How to use taxes as a tool to grow your business

As a small business owner, you’re probably bombarded with emails and ads about tools to help grow your business. Ironically, the Internal Revenue Service provides one of the best ways: taxes.  

That’s right, you can use taxes to your business advantage. And why not? 

As Ben Franklin said, taxes are one of the only two guarantees in life. So you may as well use them to your business advantage. 

Earlier this year, we took a broad look at business tax strategy, but today will be a deeper dive into tax tactics you can use to help reach your business goals. 

Let’s go! 

To get to the future, look backward

The best way to determine how to achieve your future goals is to look at the past. Assessing your current tax situation by looking at past returns will help you identify past deductions, credits, and incentives you used. 

And that can generate ideas on how to use them even more in the future. You can do this solo, but having a tax professional with you is helpful to provide ideas and insight you may not know about. 

Once your current situation is analyzed, it’s time to move forward. 

Set expansion and growth goals

Honestly, not every business plans to grow or expand. If that’s you, feel free to skip ahead. But if your business does plan to expand, be sure to consider the tax implications for growth. 

If your expansion involves brick-and-mortar moves in a new area, you should immediately seek to find out if there are any incentives or credits that can help. 

And think in layers. States, counties, and towns want to attract business, so you can use all their incentives simultaneously.  

For example, you may be able to get cash grants for job creation while getting tax credits for eligible investments even as you enjoy local abatements on real and personal property taxes. 

Hitting a trifecta like that may not happen everywhere, but with help from a local tax strategist, you can usually find more than one tax advantage.  

You can take also make use of federal workforce development tax incentives if you are growing your business into a new area.  Some states have them as well. 

But you don’t have to expand into a new area to use taxes to your business advantage. There are plenty of ways to do it, whether in expansion mode or not. 

Structuring Business Operations for Tax Efficiency

Of course, taking time to learn about the advantages of different business structures is always helpful in a tax strategy. But you can only make that decision once or twice in the life cycle of a business. 

Other tactics like income shifting and timing transactions can be used regularly and with great effect. 

There are many forms of income shifting, but many of them involve the transfer of money from a high tax bracket individual to one in a lower tax bracket. These are nice but don’t necessarily impact your business directly.  

One method that does is tax inversion. Individuals can transfer income-producing assets to non-grantor trusts in other states or countries with a lower tax burden. 

Not every business can use tax inversions, but the vast majority can time purchases of capital assets to their tax advantage. 

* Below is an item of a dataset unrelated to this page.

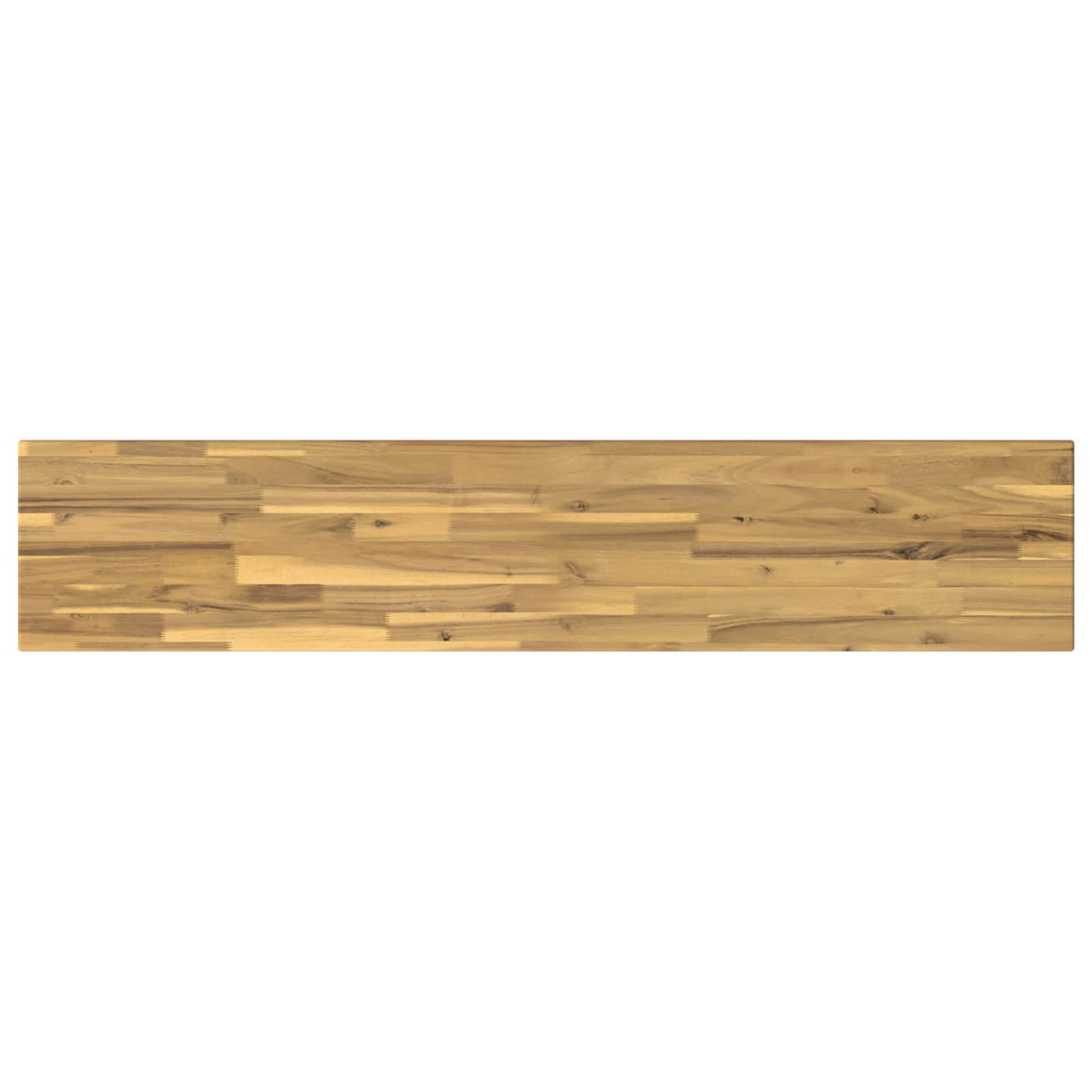 Rectangular Table Top 140 x 30 x 3.2 cm Rectangular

The IRS allows businesses to depreciate the value of these assets over time. By timing these purchases strategically, a business can maximize depreciation deductions in a specific year. Under Section 179 of the IRS code, businesses can expense the full cost of qualifying assets up to a certain limit in the year they are purchased.

The Bottom Line

The U.S. tax code has been vilified over the years, and rightfully so. It can be confusing. But the tactics above, coupled with some help from a tax professional, can help you turn the tables and start using them to meet your entrepreneurial goals.